Aaron Strife said:
I like to think Nintendo is cutting their first party release schedule back as a way of saying, we want third parties to make games and we want people to buy them.
frankly this is not a coherent position.
nothing in this industry is done in a vacuum. nintendo knows when games will release for their systems long before we do. they know when a lotcheck request comes in. they know when titles "go gold" and print orders are requested. and they know months and months before that process starts.
third parties, on the other hand, do not know when nintendo products are coming out substantially before we do. there is not a single person at EA that can confidently tell you nintendo's 2010 release calendar.
so given that third parties are substantially less able to plan around nintendo than nintendo is around third parties, why would the directionality of this be "nintendo leaves slots open -> third parties plan to put their games there"?
even wii games take at least a year to make. capcom is slating stuff for the end of CY 2010 internally. capcom does not know if nintendo is slating stuff for the end of CY 2010 internally. how on earth is capcom expected to capitalize on lulls in nintendo's schedule?

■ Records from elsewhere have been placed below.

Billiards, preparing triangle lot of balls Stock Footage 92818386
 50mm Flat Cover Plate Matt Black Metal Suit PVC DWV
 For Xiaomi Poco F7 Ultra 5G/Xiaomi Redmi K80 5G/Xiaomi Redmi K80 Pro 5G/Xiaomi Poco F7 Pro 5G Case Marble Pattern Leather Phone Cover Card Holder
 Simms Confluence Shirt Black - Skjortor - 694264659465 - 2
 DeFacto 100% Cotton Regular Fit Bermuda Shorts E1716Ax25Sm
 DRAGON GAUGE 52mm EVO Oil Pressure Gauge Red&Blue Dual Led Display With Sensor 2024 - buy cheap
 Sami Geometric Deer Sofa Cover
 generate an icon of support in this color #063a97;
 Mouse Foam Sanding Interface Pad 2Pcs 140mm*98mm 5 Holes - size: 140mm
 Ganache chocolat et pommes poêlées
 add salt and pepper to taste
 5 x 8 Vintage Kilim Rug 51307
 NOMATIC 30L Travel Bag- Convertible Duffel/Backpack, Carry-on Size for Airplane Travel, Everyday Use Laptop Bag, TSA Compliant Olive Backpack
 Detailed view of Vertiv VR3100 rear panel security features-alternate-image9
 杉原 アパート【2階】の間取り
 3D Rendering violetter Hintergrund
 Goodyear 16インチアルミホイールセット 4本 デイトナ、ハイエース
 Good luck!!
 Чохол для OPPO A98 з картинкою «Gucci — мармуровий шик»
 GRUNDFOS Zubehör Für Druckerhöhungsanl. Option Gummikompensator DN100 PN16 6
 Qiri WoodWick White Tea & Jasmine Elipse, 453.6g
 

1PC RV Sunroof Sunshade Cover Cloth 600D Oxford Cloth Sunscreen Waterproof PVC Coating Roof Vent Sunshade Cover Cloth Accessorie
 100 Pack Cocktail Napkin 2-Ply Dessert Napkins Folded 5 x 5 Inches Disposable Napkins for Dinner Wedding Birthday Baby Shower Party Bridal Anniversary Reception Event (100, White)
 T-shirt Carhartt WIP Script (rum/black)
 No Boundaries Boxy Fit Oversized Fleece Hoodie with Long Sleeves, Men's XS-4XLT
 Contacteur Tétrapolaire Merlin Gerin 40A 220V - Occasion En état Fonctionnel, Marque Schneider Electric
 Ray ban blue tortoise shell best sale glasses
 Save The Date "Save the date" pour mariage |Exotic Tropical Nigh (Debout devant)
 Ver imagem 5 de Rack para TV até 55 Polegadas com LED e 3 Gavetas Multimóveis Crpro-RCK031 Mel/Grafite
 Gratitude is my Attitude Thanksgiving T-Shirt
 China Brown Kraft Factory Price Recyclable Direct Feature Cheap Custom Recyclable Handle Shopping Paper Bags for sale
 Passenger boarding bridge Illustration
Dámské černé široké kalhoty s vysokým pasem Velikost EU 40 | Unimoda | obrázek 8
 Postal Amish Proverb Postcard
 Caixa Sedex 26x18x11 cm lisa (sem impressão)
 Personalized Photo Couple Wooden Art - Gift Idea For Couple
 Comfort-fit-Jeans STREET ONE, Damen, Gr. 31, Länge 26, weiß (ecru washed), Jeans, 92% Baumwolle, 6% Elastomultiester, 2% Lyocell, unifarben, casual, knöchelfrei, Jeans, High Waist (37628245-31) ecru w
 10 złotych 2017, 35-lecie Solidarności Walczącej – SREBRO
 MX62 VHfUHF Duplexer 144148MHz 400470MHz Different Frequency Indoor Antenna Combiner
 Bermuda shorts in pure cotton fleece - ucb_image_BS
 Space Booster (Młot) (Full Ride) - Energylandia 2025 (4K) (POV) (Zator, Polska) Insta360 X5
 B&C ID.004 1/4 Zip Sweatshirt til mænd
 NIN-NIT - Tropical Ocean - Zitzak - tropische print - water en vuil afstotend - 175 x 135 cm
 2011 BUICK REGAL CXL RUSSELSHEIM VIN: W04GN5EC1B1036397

finally and most importantly, to what end would nintendo sacrifice or defer (IE sacrifice, given that there is a time-value of money at play here) revenue in order to placate a third party? even assuming this scheme works, why would they do it? to make partners take developing on their systems more seriously? to eventually make even more profit by recouping lost revenue through platform fees?
that's ridiculous.
some strategies that nintendo could try rather than hoping that third parties predict that they'll have a weak season: suspending or lowering platform fees, suspending, lowering, or altering print run info, allowing for lot check resubmissions at a discount or free, suspending or altering lot check requirements, copublishing, funding advertising campaigns, extra deployment of nintendo tech support, highlighting third party titles beyond the token highlights reel, letting third parties have sdks before the day before the public sees in the impact, releasing internal tech to third parties, consulting with third parties before releasing left-field hardware, letting third parties know when new hardware is about to negatively impact their selling plans, allow digital distribution publishers to set their own prices and change them at will, better patching mechanisms for both handheld and console... i mean, seriously, there is not a single third party in the world that would benefit more from nintendo delaying titles than it would from nintendo having a more generous and open platform policy broadly.
alternatively, if this
is nintendo's strategy, then fall 2008 should demonstrate that it doesn't work and they should change that strategy.
gerg said:
Can't you buy other games? Can't you simply *shock! horror!* not play games for a month or two? At the end of the day, you'll survive without. You did so last year, didn't you?
presumably he just happily played games on other platforms like the rest of us did, which i think is the essence of the complaint that most of us make about nintendo's conservative localization / release strategies as of late. i've got 7 platforms of which nintendo makes 2. if they drop the ball or don't pander to me, there are 5 other platforms that will, i guarantee you, whether it's fiscally responsible or not.